From that time, I learnt to look at the office cleaner in a different way. I learnt to appreciate the guy who looked after the toilets. I learnt to be kind to the waiter and the waitress and that if I was not happy with something, I didn’t have to shout and rant at them. I learnt to forgive and smile if the silver service waiter accidentally dropped a piece of broccoli on my suit – because that smile means a great deal to him.
But above all, it cemented by belief in the importance of standing for the small guy, the little man or woman who is often thrown to the margins and forgotten. I appreciated the importance of a thank you and what it means to the other person.

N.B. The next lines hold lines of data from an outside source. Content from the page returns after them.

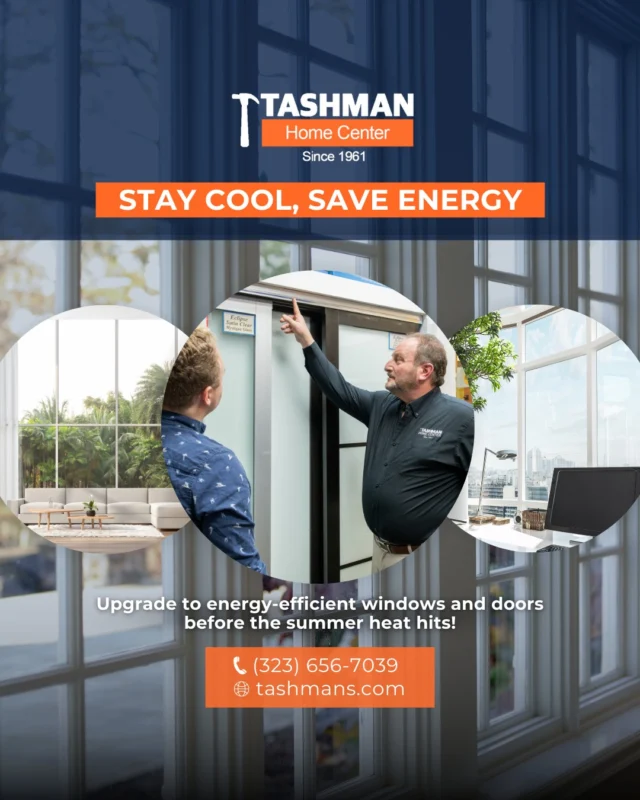 Keep your home cool and your energy bills low this summer with high-performance windows and doors from Tashman Home Center! 🏡 Our energy-efficient options help block heat while letting in natural light. Stop by our showroom to explore the best solutions for your space!

Stop by 7769 Santa Monica Boulevard, visit tashmans.com or call (323) 656-7039 for a FREE quote today. 

#TashmanHomeCenter #Tashman #Home #Center #AceHardware #Ace #Hardware #EnergyEfficient #WindowsAndDoors #SummerReady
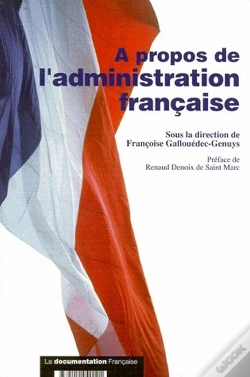 Capa do artigo À Propos De L'Administration Française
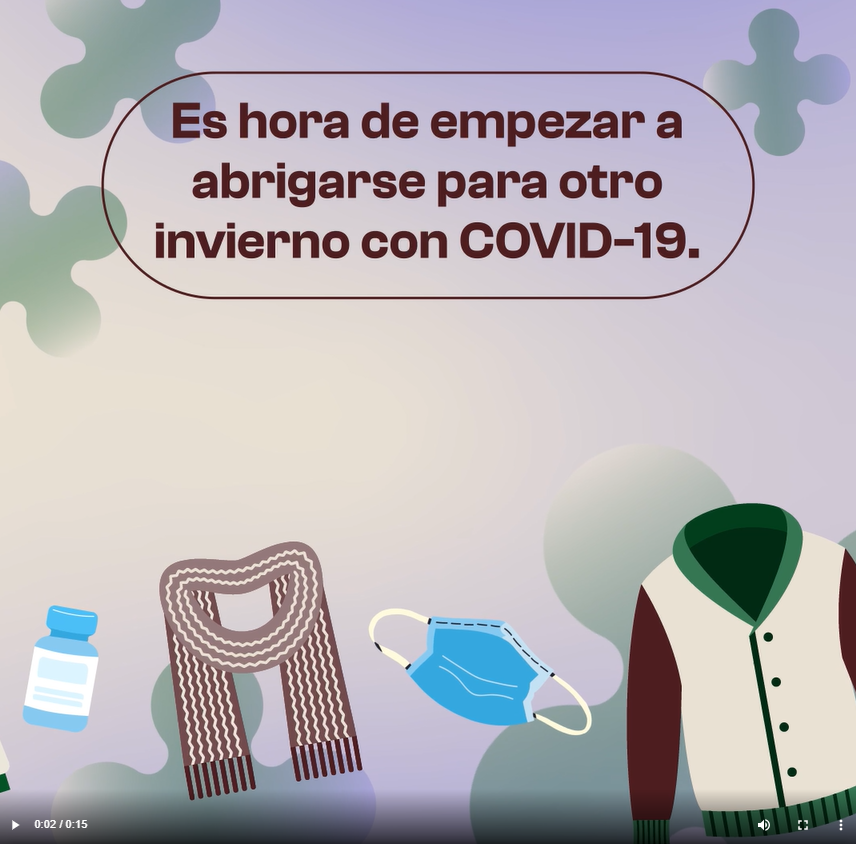 Cartoon image of a vaccine vial, scarf, mask, and sweater. Spanish text reads, "It's time to start layering up for another COVID-19 winter."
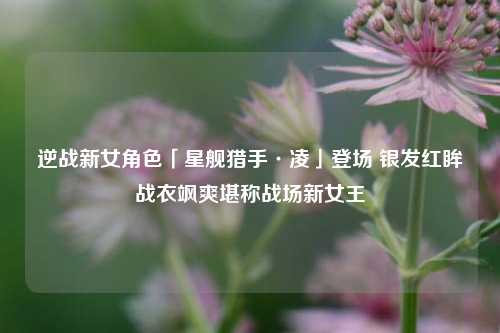 逆战新女角色「星舰猎手·凌」登场 银发红眸战衣飒爽堪称战场新女王
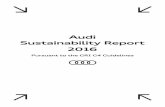 Audi Sustainability Report 2016 · PDF filetral Project Management Office, ... we have structured the Sustainability Report pursuant to the G4 guidelines of the Global ... INDIA PVT,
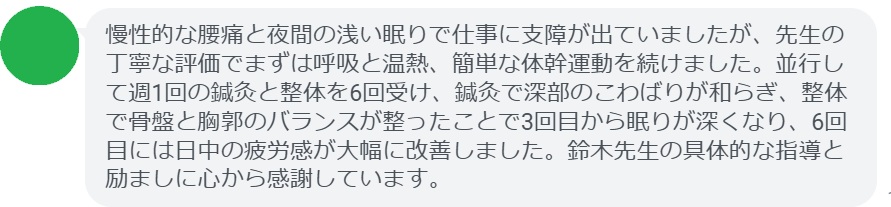 慢性的な腰痛と夜間の浅い眠りで仕事に支障が出ていましたが、先生の丁寧な評価でまずは呼吸と温熱、簡単な体幹運動を続けました。並行して週1回の鍼灸と整体を6回受け、鍼灸で深部のこわばりが和らぎ、整体で骨盤と胸郭のバランスが整ったことで3回目から眠りが深くなり、6回目には日中の疲労感が大幅に改善しました。鈴木先生の具体的な指導と励ましに心から感謝しています。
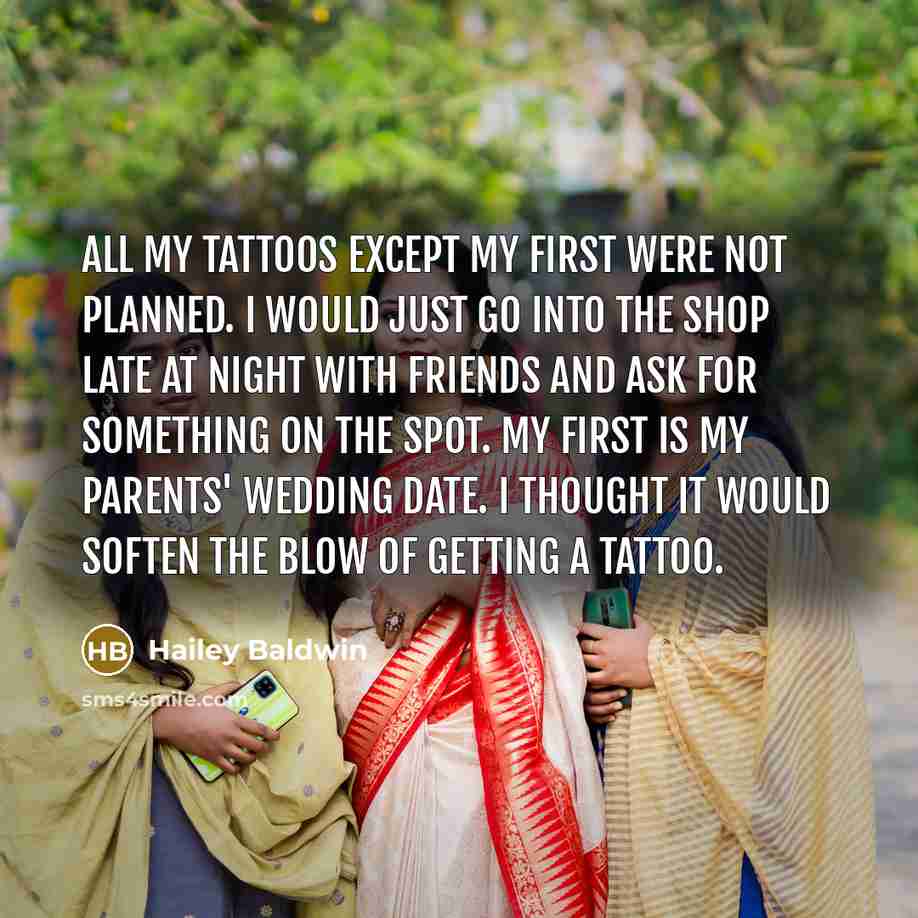“All my tattoos except my first were not planned. I…” quote by Hailey Baldwin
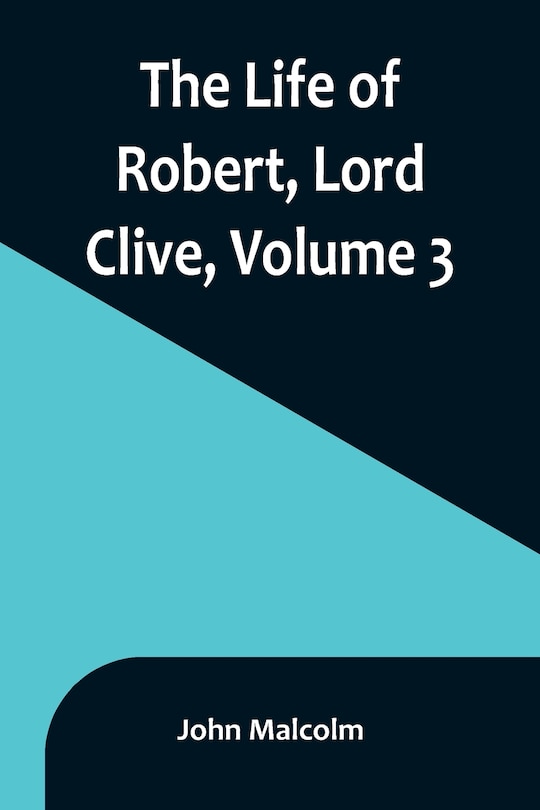 Couverture_The Life of Robert, Lord Clive, Volume 3
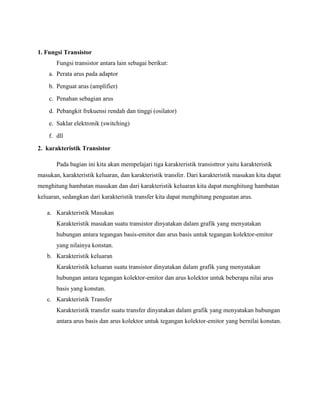 1. Fungsi Transistor
       Fungsi transistor antara lain sebagai berikut:
    a. Perata arus pada adaptor
    b. Penguat arus (amplifier)
    c. Penahan sebagian arus
    d. Pebangkit frekuensi rendah dan tinggi (osilator)
    e. Saklar elektronik (switching)
    f. dll
2. karakteristik Transistor

       Pada bagian ini kita akan mempelajari tiga karakteristik transisttror yaitu karakteristik
masukan, karakteristik keluaran, dan karakteristik transfer. Dari karakteristik masukan kita dapat
menghitung hambatan masukan dan dari karakteristik keluaran kita dapat menghitung hambatan
keluaran, sedangkan dari karakteristik transfer kita dapat menghitung penguatan arus.

   a. Karakteristik Masukan
       Karakteristik masukan suatu transistor dinyatakan dalam grafik yang menyatakan
       hubungan antara tegangan basis-emitor dan arus basis untuk tegangan kolektor-emitor
       yang nilainya konstan.
   b. Karakteristik keluaran
       Karakteristik keluaran suatu transistor dinyatakan dalam grafik yang menyatakan
       hubungan antara tegangan kolektor-emitor dan arus kolektor untuk beberapa nilai arus
       basis yang konstan.
   c. Karakteristik Transfer
       Karakteristik transfer suatu transfer dinyatakan dalam grafik yang menyatakan hubungan
       antara arus basis dan arus kolektor untuk tegangan kolektor-emitor yang bernilai konstan.
 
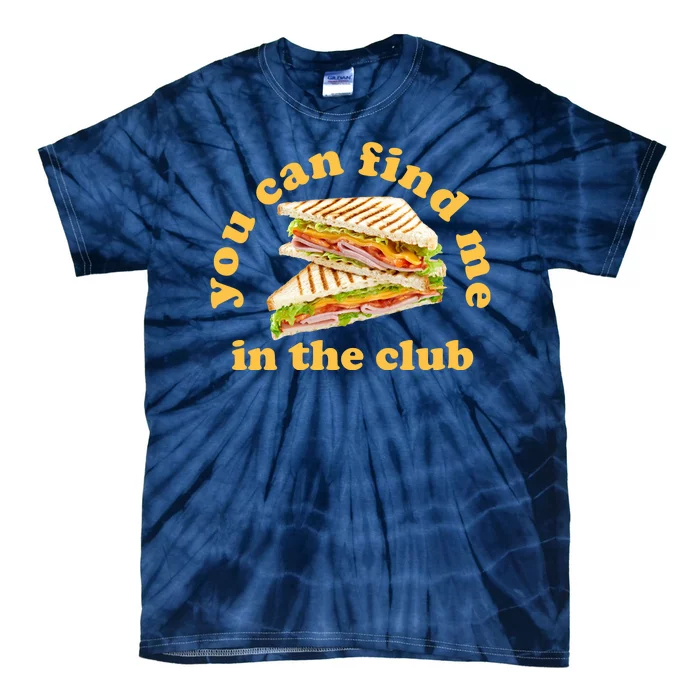 You Can Find Me In The Club Funny Sandwich Tie-Dye T-Shirt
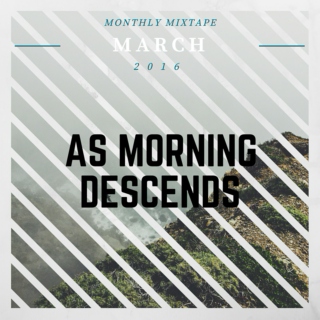 March 2016 - "as morning descends"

These are small things that matter a great deal in life. Our politicians – most of them, anyway, oft-times do not appreciate this. Instead, they like to show their power. They like to be felt. They even answer their mobile phones by announcing to the caller that they are speaking to ‘The Honourable so and so’. The ordinary people, too, have been conditioned to treat their political leaders like gods – they carry their bags and newspapers, they address them like demi-gods. They must call them ‘The Honourable so and so’ even when they are having a drink at the local pub. If they are late for a rally, they wait because in their minds, that is what all big people do.
I witnessed political colleagues who used the most uncouth language in front of people, and politicians who dressed down elderly people – mothers and fathers of children – in public, notwithstanding that they would have walked long distances and sacrificed to come and talk to them. When people wrote offering suggestions and ideas, from wherever they were, they were barely acknowledged. One political colleague even had the temerity to ask me why I was responding to those emails.
I saw politicians who set a meeting but never pitched up or if they did eventually come, they arrived hours later and never apologised. And expected everyone to wait for them. Instead, they would berate people.
I saw politicians who never picked up their phones or responded to messages. In short, I saw politicians who took people for granted. Some of these politicians are revered by their ardent supporters and are held in high regard. And the media, uncritical as ever, has deified them. It is partly for this reason that there is a disjuncture between what detached observers think and what the ordinary people actually know from their experiences. Political arrogance alone does not explain the MDC’s misfortunes in last year’s disastrous elections but it was a problem and it is something that requires attention.